• Exercise goal:
Return the run of lines below that opens with the line containing "Pep Guardiola tiết" and closes with the line containing "Maison à vendre 5 pièces 163 m² Baixas", keeping each one exact.

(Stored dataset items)

....

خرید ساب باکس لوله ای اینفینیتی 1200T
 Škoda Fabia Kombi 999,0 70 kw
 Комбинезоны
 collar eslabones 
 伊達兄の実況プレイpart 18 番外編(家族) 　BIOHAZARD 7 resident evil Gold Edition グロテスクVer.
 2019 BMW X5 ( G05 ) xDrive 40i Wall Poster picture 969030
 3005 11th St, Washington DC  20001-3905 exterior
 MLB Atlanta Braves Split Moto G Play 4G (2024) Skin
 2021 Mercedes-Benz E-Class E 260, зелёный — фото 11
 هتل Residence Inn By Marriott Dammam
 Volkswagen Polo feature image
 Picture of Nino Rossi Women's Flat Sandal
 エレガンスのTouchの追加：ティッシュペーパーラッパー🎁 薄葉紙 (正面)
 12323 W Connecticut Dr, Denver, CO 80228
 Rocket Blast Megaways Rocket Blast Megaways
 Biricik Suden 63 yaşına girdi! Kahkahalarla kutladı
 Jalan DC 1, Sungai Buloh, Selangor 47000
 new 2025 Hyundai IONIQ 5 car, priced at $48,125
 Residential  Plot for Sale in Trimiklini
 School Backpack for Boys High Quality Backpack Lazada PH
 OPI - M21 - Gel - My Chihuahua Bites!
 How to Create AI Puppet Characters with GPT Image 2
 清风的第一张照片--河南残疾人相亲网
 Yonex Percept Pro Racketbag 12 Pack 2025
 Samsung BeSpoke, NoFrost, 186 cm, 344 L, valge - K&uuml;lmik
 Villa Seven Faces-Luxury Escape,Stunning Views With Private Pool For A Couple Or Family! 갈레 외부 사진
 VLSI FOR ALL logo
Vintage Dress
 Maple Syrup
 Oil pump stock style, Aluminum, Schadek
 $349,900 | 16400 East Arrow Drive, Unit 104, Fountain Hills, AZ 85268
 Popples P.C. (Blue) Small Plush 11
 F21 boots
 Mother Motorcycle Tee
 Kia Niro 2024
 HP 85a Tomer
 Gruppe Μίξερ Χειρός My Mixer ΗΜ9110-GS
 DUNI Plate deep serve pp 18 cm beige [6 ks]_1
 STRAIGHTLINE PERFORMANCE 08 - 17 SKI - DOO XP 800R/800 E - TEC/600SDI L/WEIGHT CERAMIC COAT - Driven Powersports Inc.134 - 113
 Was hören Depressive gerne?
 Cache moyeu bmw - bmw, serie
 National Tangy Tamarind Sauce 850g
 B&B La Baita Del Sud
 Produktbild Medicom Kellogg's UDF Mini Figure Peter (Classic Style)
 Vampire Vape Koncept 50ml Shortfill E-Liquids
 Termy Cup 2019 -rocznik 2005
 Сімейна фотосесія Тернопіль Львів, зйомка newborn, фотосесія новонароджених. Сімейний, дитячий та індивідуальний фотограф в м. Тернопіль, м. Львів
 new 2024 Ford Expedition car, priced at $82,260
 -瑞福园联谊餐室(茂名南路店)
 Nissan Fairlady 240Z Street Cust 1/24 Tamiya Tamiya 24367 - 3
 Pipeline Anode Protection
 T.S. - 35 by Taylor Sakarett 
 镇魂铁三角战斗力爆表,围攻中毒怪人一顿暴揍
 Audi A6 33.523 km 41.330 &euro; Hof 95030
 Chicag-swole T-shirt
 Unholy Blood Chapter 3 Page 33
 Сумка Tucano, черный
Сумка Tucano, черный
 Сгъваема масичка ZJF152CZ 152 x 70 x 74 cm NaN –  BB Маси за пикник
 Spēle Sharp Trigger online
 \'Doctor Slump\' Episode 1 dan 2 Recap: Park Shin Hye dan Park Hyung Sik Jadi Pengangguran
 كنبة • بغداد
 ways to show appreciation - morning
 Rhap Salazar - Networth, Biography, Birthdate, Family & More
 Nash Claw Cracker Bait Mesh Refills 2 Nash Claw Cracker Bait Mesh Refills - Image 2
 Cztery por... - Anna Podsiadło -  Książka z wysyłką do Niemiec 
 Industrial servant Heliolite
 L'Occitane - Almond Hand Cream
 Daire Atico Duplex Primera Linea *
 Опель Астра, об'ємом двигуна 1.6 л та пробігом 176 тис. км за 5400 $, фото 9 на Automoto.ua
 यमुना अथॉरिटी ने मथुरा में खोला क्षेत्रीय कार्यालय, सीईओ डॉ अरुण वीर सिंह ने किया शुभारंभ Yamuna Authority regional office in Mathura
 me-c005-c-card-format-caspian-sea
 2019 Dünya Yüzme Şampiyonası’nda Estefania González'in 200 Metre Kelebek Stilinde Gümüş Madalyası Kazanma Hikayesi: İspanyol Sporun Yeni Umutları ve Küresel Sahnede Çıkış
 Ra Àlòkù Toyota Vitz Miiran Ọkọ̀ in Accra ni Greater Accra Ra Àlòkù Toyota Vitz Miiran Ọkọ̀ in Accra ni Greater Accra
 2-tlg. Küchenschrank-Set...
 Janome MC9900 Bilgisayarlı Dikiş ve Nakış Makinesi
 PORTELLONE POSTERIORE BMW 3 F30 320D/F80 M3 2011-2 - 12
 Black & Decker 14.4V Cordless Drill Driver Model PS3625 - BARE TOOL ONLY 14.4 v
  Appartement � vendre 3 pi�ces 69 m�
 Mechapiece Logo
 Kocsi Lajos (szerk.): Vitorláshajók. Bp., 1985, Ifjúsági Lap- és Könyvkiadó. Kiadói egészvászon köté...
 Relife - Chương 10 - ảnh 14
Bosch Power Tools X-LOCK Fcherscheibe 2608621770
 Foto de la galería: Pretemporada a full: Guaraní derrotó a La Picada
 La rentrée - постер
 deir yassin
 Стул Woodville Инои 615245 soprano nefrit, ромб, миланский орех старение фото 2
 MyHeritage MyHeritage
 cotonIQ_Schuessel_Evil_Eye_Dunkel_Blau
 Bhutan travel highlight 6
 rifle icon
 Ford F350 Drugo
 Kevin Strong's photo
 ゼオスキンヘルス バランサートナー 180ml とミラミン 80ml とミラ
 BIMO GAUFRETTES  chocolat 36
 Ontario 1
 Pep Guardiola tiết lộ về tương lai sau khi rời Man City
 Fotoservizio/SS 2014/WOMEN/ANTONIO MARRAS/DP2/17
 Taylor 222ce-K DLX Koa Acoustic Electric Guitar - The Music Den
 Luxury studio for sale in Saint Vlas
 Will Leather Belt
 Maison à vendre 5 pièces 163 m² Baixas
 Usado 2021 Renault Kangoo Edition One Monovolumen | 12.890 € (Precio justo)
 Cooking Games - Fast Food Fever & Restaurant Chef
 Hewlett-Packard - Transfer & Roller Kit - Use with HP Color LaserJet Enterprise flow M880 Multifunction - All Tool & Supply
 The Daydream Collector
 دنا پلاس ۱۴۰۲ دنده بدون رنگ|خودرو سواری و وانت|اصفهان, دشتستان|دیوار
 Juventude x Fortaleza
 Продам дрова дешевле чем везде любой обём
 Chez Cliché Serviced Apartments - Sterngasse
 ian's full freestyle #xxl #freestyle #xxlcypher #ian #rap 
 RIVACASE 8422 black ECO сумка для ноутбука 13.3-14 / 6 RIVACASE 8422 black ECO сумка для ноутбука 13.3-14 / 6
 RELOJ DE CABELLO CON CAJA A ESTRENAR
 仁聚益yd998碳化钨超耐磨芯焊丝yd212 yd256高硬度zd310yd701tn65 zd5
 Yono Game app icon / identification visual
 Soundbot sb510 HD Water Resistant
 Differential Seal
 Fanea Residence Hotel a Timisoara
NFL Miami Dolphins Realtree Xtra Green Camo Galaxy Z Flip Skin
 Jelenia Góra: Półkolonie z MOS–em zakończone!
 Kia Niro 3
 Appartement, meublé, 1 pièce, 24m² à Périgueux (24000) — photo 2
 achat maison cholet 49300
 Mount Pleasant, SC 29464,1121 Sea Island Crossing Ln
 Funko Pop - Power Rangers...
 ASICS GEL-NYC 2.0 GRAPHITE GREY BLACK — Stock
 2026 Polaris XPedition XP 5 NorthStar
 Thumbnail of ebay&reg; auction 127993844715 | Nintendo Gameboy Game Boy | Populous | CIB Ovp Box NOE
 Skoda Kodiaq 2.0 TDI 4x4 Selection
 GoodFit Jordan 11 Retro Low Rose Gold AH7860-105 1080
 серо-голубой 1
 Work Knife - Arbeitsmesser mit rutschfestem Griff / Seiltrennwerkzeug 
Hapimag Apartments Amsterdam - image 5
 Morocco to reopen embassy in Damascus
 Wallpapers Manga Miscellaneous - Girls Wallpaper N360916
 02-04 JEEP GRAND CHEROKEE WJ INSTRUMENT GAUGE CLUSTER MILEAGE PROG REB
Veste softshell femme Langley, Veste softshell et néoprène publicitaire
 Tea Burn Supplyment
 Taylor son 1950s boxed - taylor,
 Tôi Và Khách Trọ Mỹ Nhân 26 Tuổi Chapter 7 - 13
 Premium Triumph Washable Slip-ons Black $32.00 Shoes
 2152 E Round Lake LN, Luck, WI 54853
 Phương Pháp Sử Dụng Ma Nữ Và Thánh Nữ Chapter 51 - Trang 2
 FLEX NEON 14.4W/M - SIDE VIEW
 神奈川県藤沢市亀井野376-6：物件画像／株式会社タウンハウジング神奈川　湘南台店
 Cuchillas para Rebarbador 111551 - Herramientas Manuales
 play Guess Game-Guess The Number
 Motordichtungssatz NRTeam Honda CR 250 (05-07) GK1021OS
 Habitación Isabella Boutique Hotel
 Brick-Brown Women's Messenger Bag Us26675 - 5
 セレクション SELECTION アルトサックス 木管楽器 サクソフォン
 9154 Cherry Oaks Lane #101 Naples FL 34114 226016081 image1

....

• Response to this exercise:
 Pep Guardiola tiết lộ về tương lai sau khi rời Man City
 Fotoservizio/SS 2014/WOMEN/ANTONIO MARRAS/DP2/17
 Taylor 222ce-K DLX Koa Acoustic Electric Guitar - The Music Den
 Luxury studio for sale in Saint Vlas
 Will Leather Belt
 Maison à vendre 5 pièces 163 m² Baixas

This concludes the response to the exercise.